La Noche Blanca del Flamenco siempre nos retrotrae a ediciones anteriores, en las que se conjugan varios factores que vienen a ser el denominador común de este evento. Masivos desplazamientos de un espacio a otro en el fallido intento de verlo casi todo, aunque sea de forma fragmentada, como nos ocurrió en la plaza de las Tendillas con el concierto inaugural de la Orquesta de Córdoba que, con la guitarra de Daniel Casares, bajo la dirección de Lorenzo Ramos, interpretó el Concierto de Aranjuez, del maestro Rodrigo, que no pudimos apreciar en toda su grandeza, ya que, en el imposible intento de estar presente en la densa relación de actuaciones, nos encaminamos hacia el Patio de San Basilio, donde ya sonaban los últimos taconeos de Rafael del Pino Keko. Ante esta evidencia, volvimos nuestros pasos hacia el Patio de los Naranjos para oír a la onubense Rocío Márquez: un dechado de honradez profesional y de buen gusto que entusiasmó a todo el gentío, que llenó el recinto una hora antes del comienzo. Uno de los pocos escenarios donde el «saber escuchar» se hizo patente.
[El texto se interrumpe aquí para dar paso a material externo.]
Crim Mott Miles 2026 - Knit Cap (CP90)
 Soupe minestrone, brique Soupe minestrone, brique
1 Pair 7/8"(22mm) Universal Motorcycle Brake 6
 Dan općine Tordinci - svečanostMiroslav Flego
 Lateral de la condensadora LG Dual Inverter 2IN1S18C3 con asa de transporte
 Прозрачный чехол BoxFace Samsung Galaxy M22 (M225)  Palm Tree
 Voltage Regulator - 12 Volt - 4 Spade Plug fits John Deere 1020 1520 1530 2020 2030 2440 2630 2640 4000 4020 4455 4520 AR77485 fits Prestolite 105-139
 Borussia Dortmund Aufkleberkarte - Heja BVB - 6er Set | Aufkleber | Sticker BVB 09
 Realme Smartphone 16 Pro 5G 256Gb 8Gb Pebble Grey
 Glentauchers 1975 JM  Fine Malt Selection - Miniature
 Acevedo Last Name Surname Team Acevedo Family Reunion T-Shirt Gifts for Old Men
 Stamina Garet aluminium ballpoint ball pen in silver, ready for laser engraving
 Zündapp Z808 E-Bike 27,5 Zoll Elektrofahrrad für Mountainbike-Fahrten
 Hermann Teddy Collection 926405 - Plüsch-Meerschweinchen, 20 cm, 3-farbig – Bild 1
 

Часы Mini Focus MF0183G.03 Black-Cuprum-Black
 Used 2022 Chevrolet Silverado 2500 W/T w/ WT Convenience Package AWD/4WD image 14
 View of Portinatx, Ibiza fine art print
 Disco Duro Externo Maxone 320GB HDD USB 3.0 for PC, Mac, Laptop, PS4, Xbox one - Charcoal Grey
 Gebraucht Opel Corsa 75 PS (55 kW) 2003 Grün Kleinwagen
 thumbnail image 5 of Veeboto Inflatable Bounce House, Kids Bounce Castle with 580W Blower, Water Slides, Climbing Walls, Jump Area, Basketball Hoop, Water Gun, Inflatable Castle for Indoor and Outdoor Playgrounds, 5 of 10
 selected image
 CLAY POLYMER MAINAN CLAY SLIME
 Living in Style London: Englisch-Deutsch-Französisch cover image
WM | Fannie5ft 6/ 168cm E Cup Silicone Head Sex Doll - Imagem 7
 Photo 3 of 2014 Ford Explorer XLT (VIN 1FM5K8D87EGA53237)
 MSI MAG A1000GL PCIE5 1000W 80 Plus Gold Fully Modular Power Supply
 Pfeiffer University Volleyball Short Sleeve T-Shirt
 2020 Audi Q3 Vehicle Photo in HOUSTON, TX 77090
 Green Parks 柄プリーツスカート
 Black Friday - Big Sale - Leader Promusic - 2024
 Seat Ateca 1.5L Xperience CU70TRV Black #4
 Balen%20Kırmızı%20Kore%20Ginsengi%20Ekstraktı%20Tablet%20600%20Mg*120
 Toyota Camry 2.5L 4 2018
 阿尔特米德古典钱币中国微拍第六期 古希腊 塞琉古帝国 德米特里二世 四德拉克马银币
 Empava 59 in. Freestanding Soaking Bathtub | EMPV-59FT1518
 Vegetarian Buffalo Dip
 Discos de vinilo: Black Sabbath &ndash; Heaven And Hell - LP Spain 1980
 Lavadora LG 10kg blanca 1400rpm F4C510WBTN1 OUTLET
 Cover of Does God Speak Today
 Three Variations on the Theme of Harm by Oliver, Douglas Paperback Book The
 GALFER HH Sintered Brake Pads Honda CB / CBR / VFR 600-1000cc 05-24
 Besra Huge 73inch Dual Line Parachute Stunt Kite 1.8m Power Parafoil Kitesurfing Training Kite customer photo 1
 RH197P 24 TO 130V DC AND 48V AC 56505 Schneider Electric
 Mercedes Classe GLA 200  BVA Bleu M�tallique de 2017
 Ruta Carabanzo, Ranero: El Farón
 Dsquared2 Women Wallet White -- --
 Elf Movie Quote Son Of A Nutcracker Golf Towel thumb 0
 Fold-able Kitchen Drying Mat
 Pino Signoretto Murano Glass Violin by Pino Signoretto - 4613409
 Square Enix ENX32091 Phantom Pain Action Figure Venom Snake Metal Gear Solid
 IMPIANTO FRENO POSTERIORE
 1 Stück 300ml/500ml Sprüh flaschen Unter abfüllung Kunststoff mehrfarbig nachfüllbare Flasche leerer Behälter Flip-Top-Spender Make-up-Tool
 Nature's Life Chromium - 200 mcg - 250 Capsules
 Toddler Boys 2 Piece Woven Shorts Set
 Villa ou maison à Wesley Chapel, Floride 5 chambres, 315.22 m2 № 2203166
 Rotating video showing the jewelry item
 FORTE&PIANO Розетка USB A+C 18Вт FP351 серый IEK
¡Qué contraste con la masa enardecida de la plaza de la Corredera, donde era casi imposible dar un paso para acercarse al escenario, en el que, un año más, José Mercé intentaría transmitir el metal de su flamenquísima voz! Imposible abstraernos para misión tan intimista, por lo que optamos desplazarnos al Compás de San Francisco para ver el baile de una de las estrellas de la noche. Antonio Canales hizo una entrada algo extravagante en la soleá, utilizando algunos desplantes de reprochable capacidad expresiva. Una y otra vez insistió en algunos de los códigos con los que forjó su personal estética al comienzo de su carrera. Pero no queremos hacer aquí un balance de una larga actuación, a veces desconcertante y con grandes dosis de histrionismo, que no tuvo la esperada repercusión, al menos, para el que esto escribe, ya resuelto a acudir a la plaza del Potro para pasarlo bien con ese jerezano que es Diego Carrasco, rey del compás y de la improvisación, que se ganó a un público entregado a su personalísima forma de hacer, en el que su cante, sin excesos de voz, como él comentó, y las intervenciones habladas en tono jocoso fueron la constante de su esperada actuación.

Como cada año en la cita flamenca, el don de la ubicuidad tampoco ha comparecido en esta ocasión, por lo que algunas de las actuaciones que teníamos interés en contemplar se quedan en los recovecos de nuestras frustraciones. Pero así es la Noche Blanca del Flamenco, cuyo poder de convocatoria año tras año no alberga ninguna duda, aunque habrá que revisar algo si se quiere afianzar como un proyecto sólido para el futuro.